Algérie – « Andrée et Georges Durand, un couple de retraités de Boigny sur Bionne dans le Loiret (France), accompagnés de leur fille Sylviane et de son époux Saïd », ont donc débarqué en Algérie le 12 mars dernier, pour rendre visite à la famille de leur gendre algérien. Mais depuis, « ils sont coincés dans un petit village à une centaine de kilomètres d’Alger ».

« Nous avons reçu nos visas le 3 mars et l’ambassade à Paris nous a assuré que nous ne risquions rien et pouvions partir; raconte la vieille dame au réseau des radios locales publiques France Bleu. De même j’ai appelé l’agence de voyage avec laquelle nous devions partir la veille de notre départ; et ils m’ont dit que nous ne risquions rien. Nous sommes donc partis en toute confiance. ».

Cependant, « le 17 mars, poursuit-elle, nous avons (alors qu’ils se trouvaient en Algérie depuis 5 jours) reçu un mail nous informant que notre vol retour, prévu le 26 mars, était annulé. J’ai alors envoyé des mails à la compagnie aérienne Air Algérie, à Air France aussi; mais ils nous ont dit qu’ils ne peuvent rien faire. Alors nous sommes allés au consulat de France, à Alger; mais il était fermé. »

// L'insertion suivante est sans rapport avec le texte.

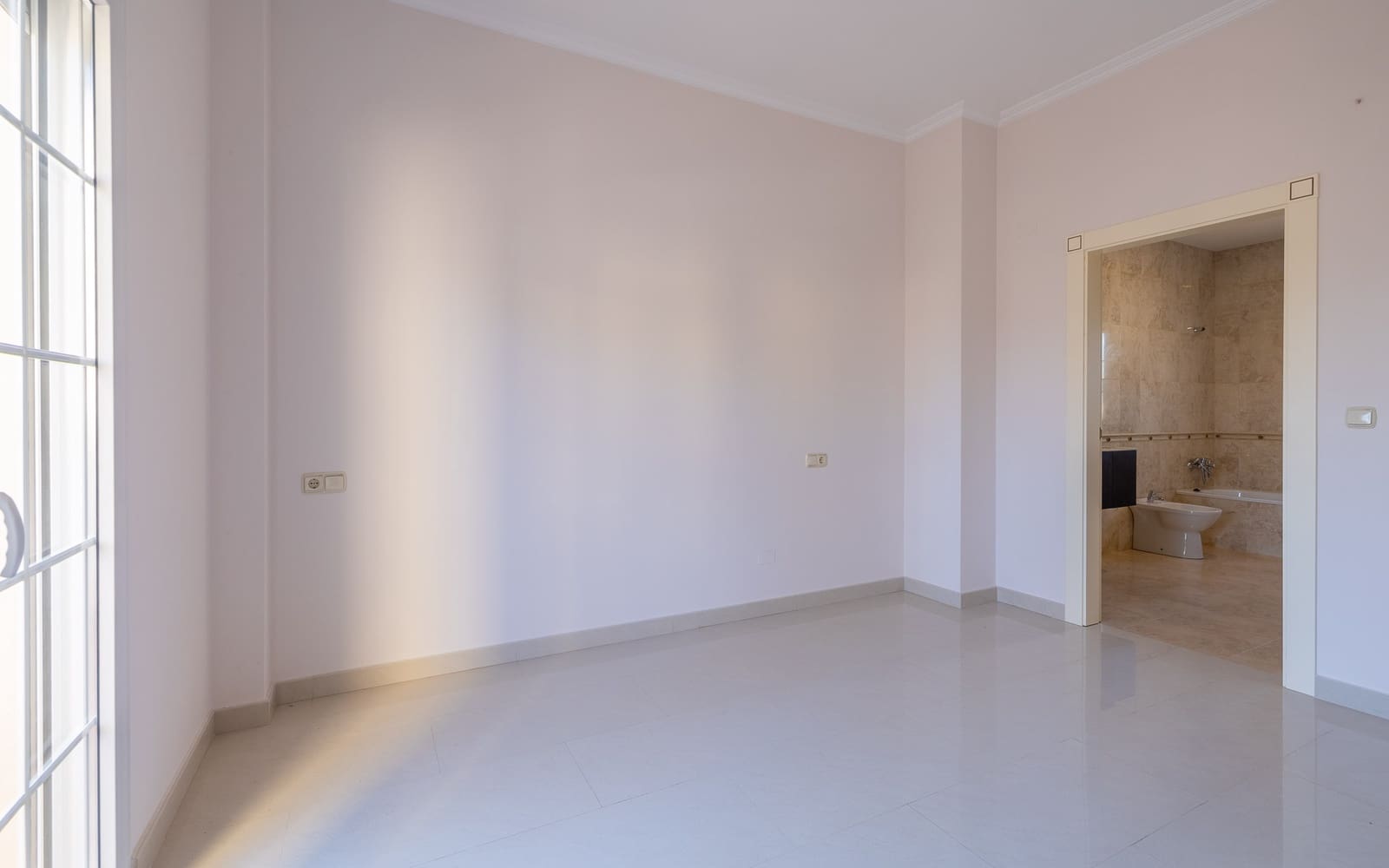 4 soverom Villa til salgs i Cabo Roig med svømmebasseng garasje - € 910 000 (Ref: 8703453)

« Si au moins ils nous tenaient au courant, la situation serait moins compliquée pour nous. »; estime l’oratrice après avoir souligné qu’elle a « envoyé des mails à » leur « député Richard Ramos; qui » qui lui a « conseillé de contacter l’ambassade par mail. C’est donc ce » qu’elle a « fait en leur disant « dans quelle situation » ils étaient, leurs « âges »; leurs « difficultés », mais « aucune réponse » ne lui a été émise.

Le vieux couple n’a plus accès à ses médicaments  

« Mon mari a 80 ans, il a fait un A.V.C. l’an passé, moi j’ai du diabète. Mais ici, dans la campagne éloignée d’Alger; nous n’avons pas accès aux mêmes médicaments qu’en France. J’ai peur que nos maladies évoluent. »; avoue Andrée révélant ses appréhensions par rapport à cette situation anxiogène.

« Et en plus de cela ils ne sont pas remboursés, mon mari en a déjà eu pour plus de 100 euros. Bientôt nous n’aurons plus assez de liquidité pour acheter nos médicaments »; explique-t-elle par la suite dans son témoignage au média français ayant publié son entretien avec elle ce lundi 27 avril. 

« Chaque semaine deux avions relient Alger à Paris, mais c’est l’ambassade qui décide qui peut les prendre, précise Andrée Durand. Nous ne savons pas si le déconfinement en France, le 11 mai, fera accélérer les choses pour nous. En attendant on a l’impression que la France nous a oublié, ajoute-elle d’un ton amer. »

Il est utile de souligner que les récits des français coincés dans notre pays par les mesures prises contre la propagation du Coronavirus, en particulier l’interruption des liaisons aériennes et maritimes, n’est ce qui manque en ce moment, à l’exemple du récent cas de la vénissiane de 43 ans, souffrant d’une pathologie rare, et qui est bloquée à Sétif en Algérie; ou celui de la femme de Mouloud Akloul, un footballeur français, bloquée elle aussi sur le sol algérien, ou encore l’histoire de Mehdi et Maria, un couple franco-algérien séparé par la clôture des frontières.